- **Dataset records**
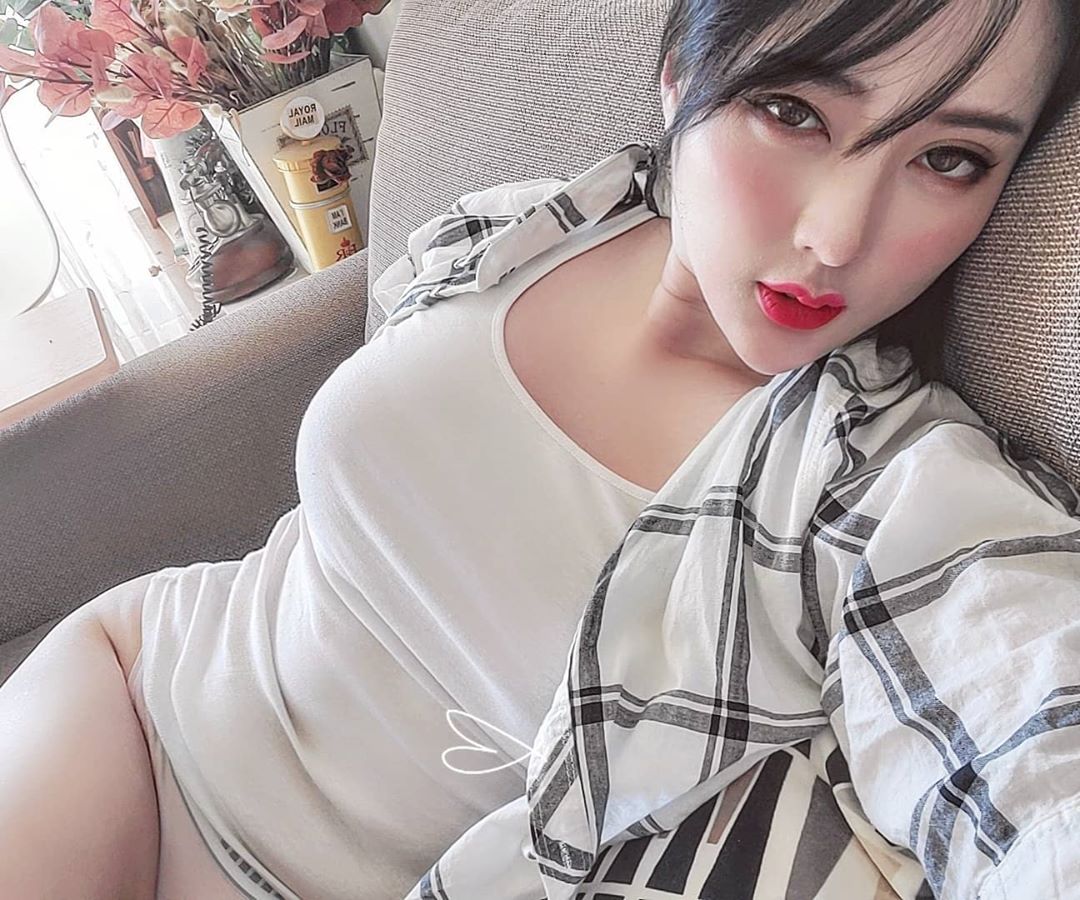 IG正妹—黃靜 UvHCOnoA o - IG正妹—黃靜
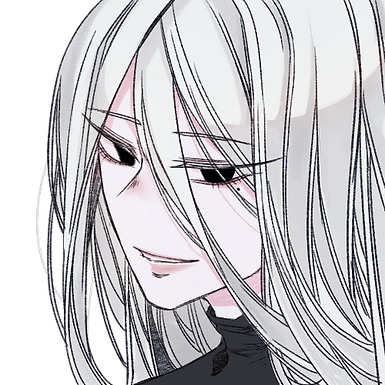 촛불캐 인장 보정.png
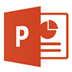 Microsoft PowerPoint 2021 (d)b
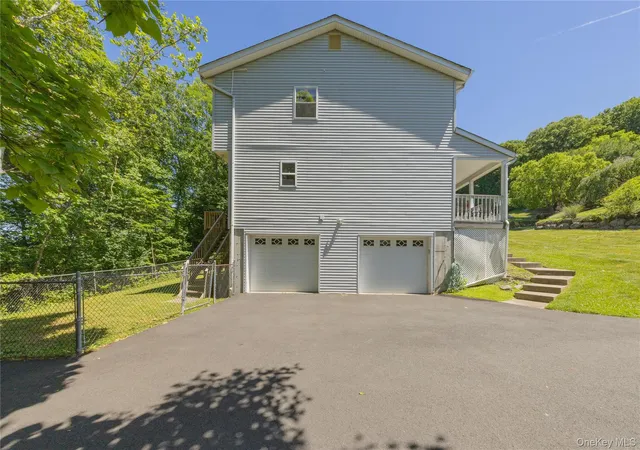 Homes for sale in Haverstraw, NY | 11 Rakentine Ln, Haverstraw, NY 10923 | MLS# 1011201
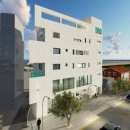 (주)에이도스 이미지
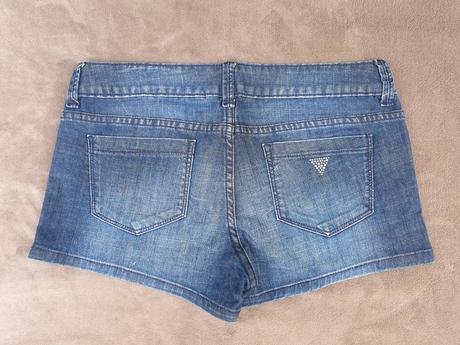 Letný set miss sixty a guess m, miss sixty,m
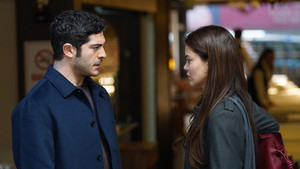 Lovers & Liars: 1×7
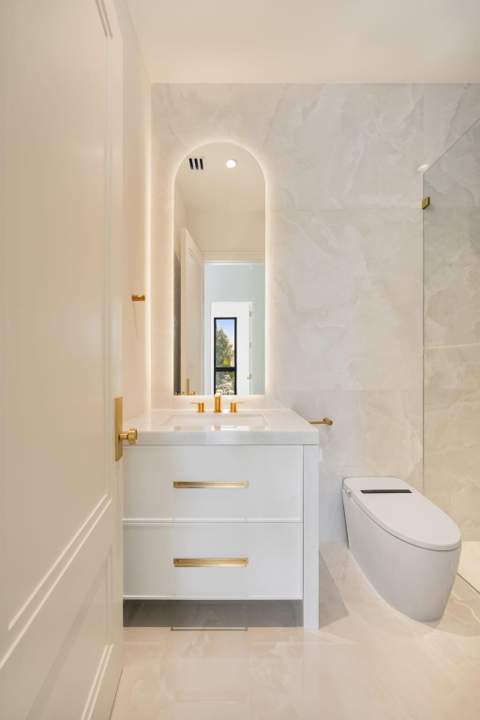 2921 NE 23rd Street, Pompano Beach FL - photo 17 of 93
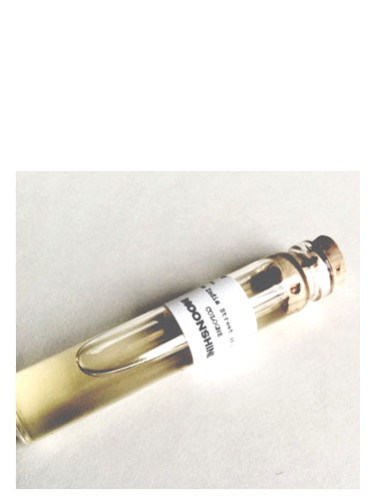 عطر ادکلن مون‌شاین پورتلند جنرال استور - Moonshine Portland General Store - بررسی، قیمت و خرید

- **Task objective**
In your answer, copy exactly the lines running from the line with "2921 NE 23rd" to the end of the material above, both included, and omit all pictures.

- **Task response**
 2921 NE 23rd Street, Pompano Beach FL - photo 17 of 93
 عطر ادکلن مون‌شاین پورتلند جنرال استور - Moonshine Portland General Store - بررسی، قیمت و خرید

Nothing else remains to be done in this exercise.